Using gas chromatography-mass spectroscopy (GC-MS), we analyzed the fumes produced during the use of these tools for cement removal in a laboratory setting and from the breathing zone of a surgical team during a revision total hip replacement operation involving cement removal.
We aimed to address the health and safety issues regarding exposure of the surgical team to these substances.
Definitions and occupational exposure limits
Under the Control of Substances Hazardous to Health regulations (COSHH, 1999), there are 2 types of occupational exposure limits (OEL)—namely maximum exposure limits (MEL) and occupational exposure standards (OES).
Both types of limits refer to concentrations of the hazardous substances in air, averaged over a specified time period referred to as a TWA (time-weighted average). Two periods are used, long-term measurement (8 h) and short-term measurement (15 min).

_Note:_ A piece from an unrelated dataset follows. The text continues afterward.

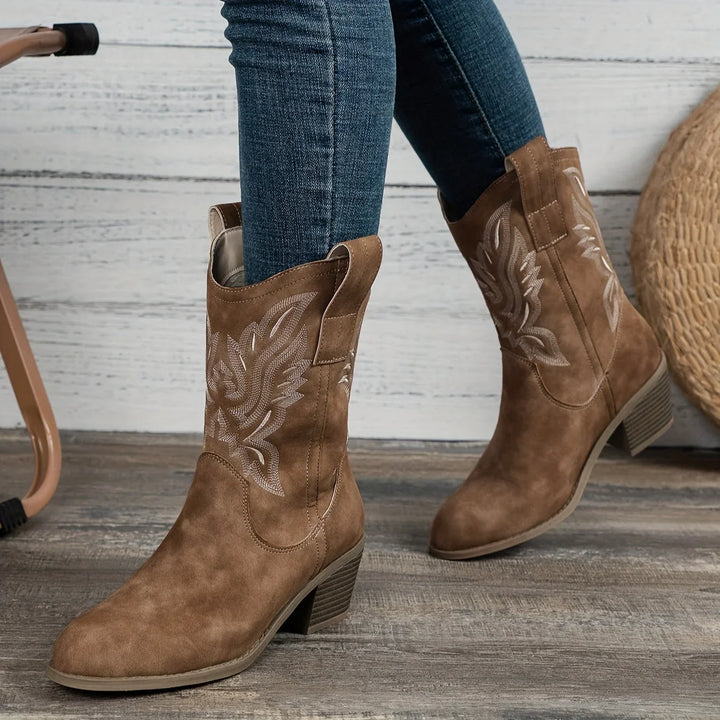 Boots For Women | Western Stacked Heel Pull-On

MEL (maximum exposure limit):the maximum concentration of an airborne substance, averaged over a reference period, to which employees may be exposed by inhalation under any circumstances. For substances assigned a short-term MEL (15 min reference period), the MEL should never be exceeded (EH-40 Citation2002).
MEL is set for substances which may cause the most serious damage to health, such as cancer and occupational asthma, and for which ‘safe’levels of exposure cannot be determined. A MEL is also set for substances for which the levels cannot be controlled practicably—although safe levels may exist.
OES (occupational exposure standards):the con-centration of an airborne substance, averaged over a reference period, at which—according to current knowledge—there is no evidence that it is likely to be injurious to employees if they are exposed by inhalation, day after day (EH-40 Citation2002).
Material and methods
The ultrasonic equipment used was the Orthosonics System for Cemented Arthroplasty Revisions (OSCAR; Orthosonics Ltd., Ashburton, Devon, UK). Ultrasonically driven tools such as the OSCAR system have an ultrasonic console which converts electrical energy into mechanical energy, which is then applied through a variety of probes. This produces heat to liquify the cement, thus facilitating removal (Cailloutte et al. Citation1991, Gardiner et al. Citation1993).
Part A
We used 4 commonly used cements, namely: 1. Palacos without gentamicin; 2. Palacos with gentamicin (Schering-Plough Ltd., Brussels, Belgium); 3. CMW (Depuy International, Blackpool, UK); and 4. Simplex with erythromycin (Howmedica, Limerick, Ireland). All the cements were mixed and set in a theater environment using the Depuy SEMVAC system. The cements were allowed to cure in the plastic syringe tubes. Before the cements set, a central channel was created using a hip prosthesis stem. This was done to allow us to insert the probe of the ultrasonic tool. The tubes were mounted on to a laboratory clamp stand.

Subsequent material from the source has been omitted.